By comparison, the Eighth Route Army's own casualties were over 600. This exchange ratio (approximately 1:2) was already extraordinarily impressive in the context of the anti-Japanese war at that time. To put it in perspective, the Nationalist Party's exchange ratios with the Japanese on the main front were often 1:3 or even 1:4 or worse.

But more important than the numbers was the psychological impact:

For the Chinese people: This was the first annihilation battle fought by Chinese forces since the start of the war, shattering the myth of Japanese invincibility. Domestic newspapers published extensive coverage, and the entire nation was inspired. Mao Zedong sent a congratulatory telegram from Yan'an: "The Battle of Pingxingguan, commanded by General Lin Biao, is our first major victory, opening a breach in the myth of Japanese invincibility in this war."

For the Japanese: Itagaki's 5th Division was the elite of Japanese forces, claiming to be the "unbeatable army." After the Battle of Pingxingguan, the Japanese military first realized that China's forces included troops capable of fighting them head-on. Although Japanese domestic newspapers attempted to downplay the incident, the shock within the military establishment was significant.

For the international community: International media extensively covered the Battle of Pingxingguan.
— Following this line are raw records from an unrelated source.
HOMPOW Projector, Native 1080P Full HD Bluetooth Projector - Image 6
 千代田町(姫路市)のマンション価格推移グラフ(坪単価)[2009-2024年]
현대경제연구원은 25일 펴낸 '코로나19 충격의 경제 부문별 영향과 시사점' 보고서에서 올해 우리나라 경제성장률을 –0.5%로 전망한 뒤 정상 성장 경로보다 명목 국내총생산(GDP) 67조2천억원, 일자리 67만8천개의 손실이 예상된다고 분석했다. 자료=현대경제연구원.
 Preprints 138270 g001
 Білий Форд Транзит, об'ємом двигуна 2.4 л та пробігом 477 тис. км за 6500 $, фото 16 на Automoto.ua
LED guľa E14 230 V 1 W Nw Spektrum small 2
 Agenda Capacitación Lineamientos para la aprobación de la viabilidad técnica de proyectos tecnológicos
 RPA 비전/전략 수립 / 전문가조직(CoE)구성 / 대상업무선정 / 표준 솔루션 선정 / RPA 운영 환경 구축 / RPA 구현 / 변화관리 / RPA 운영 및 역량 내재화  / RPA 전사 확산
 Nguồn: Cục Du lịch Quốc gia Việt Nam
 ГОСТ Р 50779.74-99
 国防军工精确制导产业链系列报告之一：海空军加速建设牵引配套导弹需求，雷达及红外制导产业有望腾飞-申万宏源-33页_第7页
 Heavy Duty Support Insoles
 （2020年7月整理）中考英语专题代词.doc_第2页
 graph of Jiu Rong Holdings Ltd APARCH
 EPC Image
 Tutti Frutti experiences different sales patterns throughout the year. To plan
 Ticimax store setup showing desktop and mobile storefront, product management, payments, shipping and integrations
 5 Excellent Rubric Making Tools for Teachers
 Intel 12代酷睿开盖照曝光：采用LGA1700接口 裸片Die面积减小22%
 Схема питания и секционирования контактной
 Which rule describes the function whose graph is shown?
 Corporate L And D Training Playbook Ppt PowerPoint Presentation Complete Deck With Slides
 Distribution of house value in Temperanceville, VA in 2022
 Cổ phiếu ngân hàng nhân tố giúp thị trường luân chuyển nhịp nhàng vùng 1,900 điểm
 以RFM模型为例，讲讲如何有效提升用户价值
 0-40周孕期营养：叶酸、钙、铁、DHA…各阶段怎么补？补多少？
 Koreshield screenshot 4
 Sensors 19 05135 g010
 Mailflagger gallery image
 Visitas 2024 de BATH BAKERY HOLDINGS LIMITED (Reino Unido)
The British Times and the American New York Times both called it "an important victory in China's war of resistance." International outlook on China's prospects in the anti-Japanese war became correspondingly more optimistic.

Lin Biao's Military Talent: Tactical Expertise Demonstrated at Pingxingguan

The Battle of Pingxingguan made the thirty-year-old Lin Biao famous overnight. This campaign embodied three major qualities of him as a military commander:

First, precise terrain judgment. Lin Biao graduated from the fourth class of the Whampoa Military Academy and participated in the Northern Expedition, the Nanchang Uprising, and the Jinggang Mountain Struggle. His sensitivity to terrain bordered on genius. When he first surveyed the Pingxingguan area, he could immediately recognize that Qiaotan Gorge was the ideal ambush location. This intuition about terrain is one of the most precious qualities a military commander can possess.

Second, meticulous planning and iron-clad discipline. The success of the Pingxingguan ambush lay not only in site selection but also in execution. The secret maneuvering of the entire 115th Division of over 10,000 troops, three days and three nights of concealment, and the precise timing of opening fire down to the minute—all reflected Lin Biao's extremely high demands for troop discipline. He personally inspected every company's defensive positions and personally confirmed each mortar's firing positions.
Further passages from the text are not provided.